Automatic.css creates a
--header-height variable automatically. You just have to tell ACSS what the height of your header is. Once ACSS has this information, it can automatically create super helpful content offsets, sticky offsets, scroll offsets, etc.
First, let’s talk about how to set your header heights. Then we’ll run through all the things ACSS can help you with when it comes to your header height.
Header Height Values
In the ACSS dashboard, navigate to Additional Styling. Then find the Header Heights panel.
ACSS needs to know the height of your header at each breakpoint. This is easy to find by loading your site on the front end, right clicking your header, and getting the computed height. Do this at each breakpoint and insert the value into the inputs.
Note: If your header height ever changes, recalculate these values.
Offset Page Content Automatically
If your website uses a sticky header, it means that your header takes up some of the room in the hero section of your pages. This makes your hero spacing look off-balance.

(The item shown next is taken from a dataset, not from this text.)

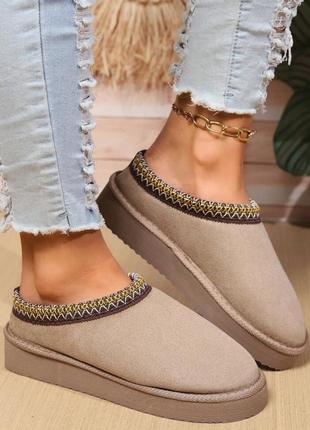 Короткие угги,угги, обувь,ugg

In this case, turn on the “Offset Page Content Automatically” option. Automatic.css will now fix every page on your website automatically, restoring perfectly balanced spacing to the first section on every page.
The panel below the Header Styling panel is the Scroll Styling panel. These let you set offsets for scroll-to-hash links. This ensures that when users scroll to a hash link on your page, the content has some breathing room and isn’t touching the edge of the screen.
Even worse, on some sites the sticky header covers up the content!
If you’re using a sticky header and have already set your header heights, Automatic.css will create an offset equal to the height of your header automatically. You don’t have to do anything else. If, however, you want to set an *additional* offset for extra breathing room, you can do that via the Scroll Offsets panel.
Again, you can set a different value at each breakpoint to dial in the exact result you’re going for.
The same issue with scroll-to-hash happens with sticky elements. By default sticky elements stick to the top of the screen. A sticky header will cover them up if you don’t give the sticky element an offset value.
If you want Automatic.css to automatically rescue your sticky elements and offset them, turn on the “Offset Sticky Elements Automatically” setting in the Sticky Settings panel:
Now, when you use the
.sticky class, you don’t have to worry about an offset. ACSS will use your header height and your offset preferences from above to generate the appropriate offset.
Of course, this can be overridden on a case-by-case basis by setting a custom top value for any sticky element.